But a general discussion’s too much for a blog so I’ll settle for telling you a story.   The Christmas season my grand-daughter Ava was five, she found out that if she went around the house holding a sprig of mistletoe over her head, she’d get kisses. Now since Ava likes kisses a LOT, and since the mistletoe gambit was her most sure-fire way so far to get them, she wasn’t about to give up just because her mother threw the mistletoe away after New Year’s— especially not when she knew where it had come from– a wild plum growing at the bottom of the pasture behind her house. So she decided to get more, mistletoe first, then kisses.

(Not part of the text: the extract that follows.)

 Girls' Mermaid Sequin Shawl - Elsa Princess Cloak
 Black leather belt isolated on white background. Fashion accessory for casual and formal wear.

She started by drawing herself a map consisting of a wobbly rectangle for the back door, two more or less parallel lines, and a tree with squiggles at the top.   She made a copy for her little sister then tucked one copy into her pants and the other into Lydia’s diaper, and the two of them got ready to set out on the road to high adventure.  First, though, Ava had to tell D’Arcy (her mother), who was sitting on the front porch at the time, where she and Lydia were going.  So she did.  Then she started for the front door.  D’Arcy didn’t get why Ava was going inside.  Wouldn’t it be easier if she just went around the house?     NO, said Ava.  Her map started at the back door, and so would she.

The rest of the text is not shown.